A estas alturas, puede que el lector avispado -un lector que necesita poner su plena atención en la lectura, porque el goteo de datos es constante, pero tan hábilmente camuflados entre el ruido de fondo que es fácil que se escape alguno, la relevancia del cual solamente se examinará con posterioridad- haya podido observar varias coincidencias: en primer lugar, el nombre del protagonista -“¿Yo? Llamadme U”-, U, fonéticamente pronunciado "you", significa "tú", un pronombre personal que denomina a la persona implicada en la lectura, al lector; por otra parte, el Proyecto Koob-Sassen, ese volátil e impreciso pero imprescindible y omnisciente Informe, tiene al menos un precedente en la literatura, la Acción Paralela de El hombre sin atributos, la novela de Robert Musil, el acontecimiento que debe organizar el protagonista, Ulrich, cuyo nombre comienza con la letra que designa a nuestro antropólogo, cambiando la legendaria Kakania -trasunto del Imperio Austro-húngaro previo a la Primera Guerra Mundial, anterior, pues, a la ruina- por el Nueva York de principios del siglo XXI, en el que la ruina ya tuvo lugar una soleada mañana de cierto 11 de septiembre; en ambos casos, y este es un extremo determinante, es mucho más fácil titular el trabajo que describirlo. Tal vez sea llevar demasiado lejos lo que no son más que leves indicios, pero las características de ambos eventos, su presencia en las narraciones, y la actitud de ambos protagonistas con respecto a ellos parecen revelar una relación más que casual. 

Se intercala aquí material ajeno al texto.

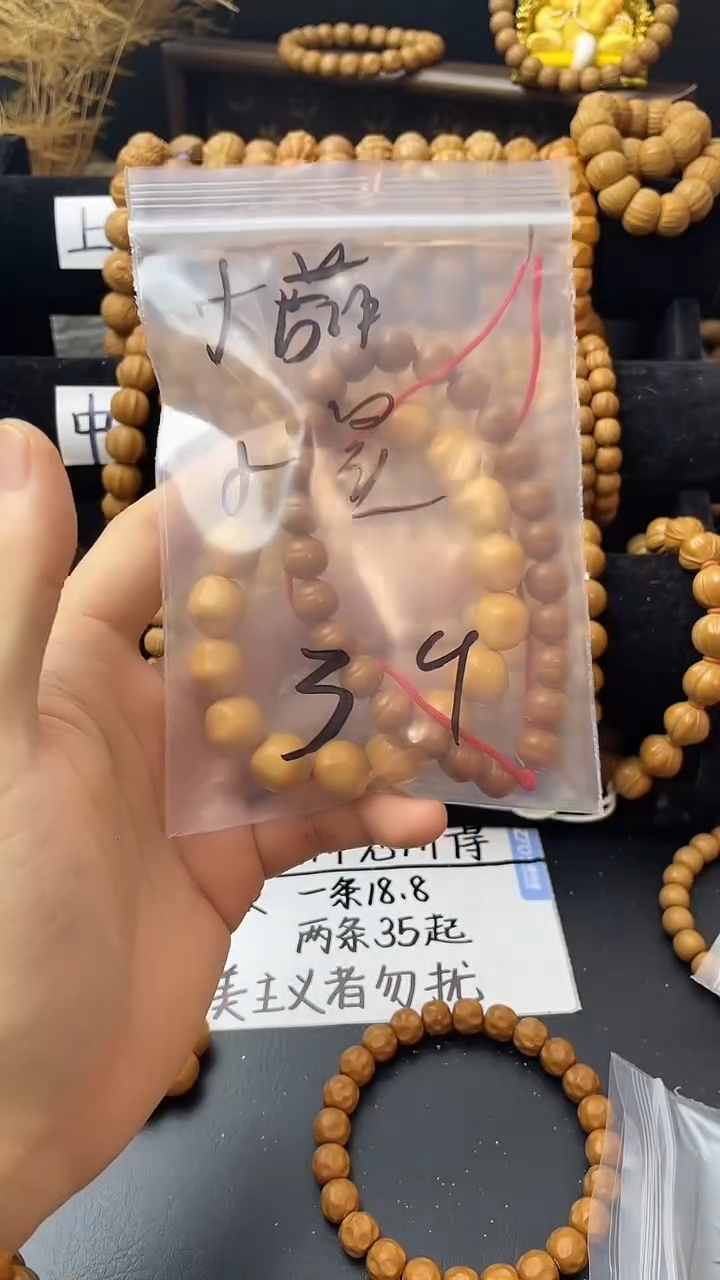 手串/手链核桃  小葫芦加星星微瑕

Sea como fuere, lo cierto es que Tom McCarthy escribe para mí, y Satin  Island es la titánica demostración de un talento único. McCarthy es una especie de estrella de la ficción contemporánea de nicho. Su ambiciosa epopeya vanguardista C, la historia de un joven en la época eduardiana movido por un interés extremo por las ondas de radio, fue preseleccionada para el premio Booker 2010. Ha sido alabado por Zadie Smith, y comparado con Joyce y Beckett, aclamado como el Thomas Pynchon británico - el tipo de escritores (y también se podría añadir a Don DeLillo, David Foster Wallace, incluso Nicholson Baker) dedicados a hacer que el proceso de lectura sea más contemplativo, o al menos más lento.
Con 176 páginas, La isla de Satén no es tan corta como parece. Apenas hay una página en la que uno no se encuentre saliendo a tomar aire - sí, a veces para admirar la prosa de capa y espada de McCarthy o para digerir alguna sorprendente intuición cerebral, pero a menudo sólo para preguntarse de qué está hablando. He respirado su prosa dilatando el tiempo entre intervalos de pausas dentro del concierto de Modena de Keith Jarret: soledad, silencio, libros, música: quién puede pedir más.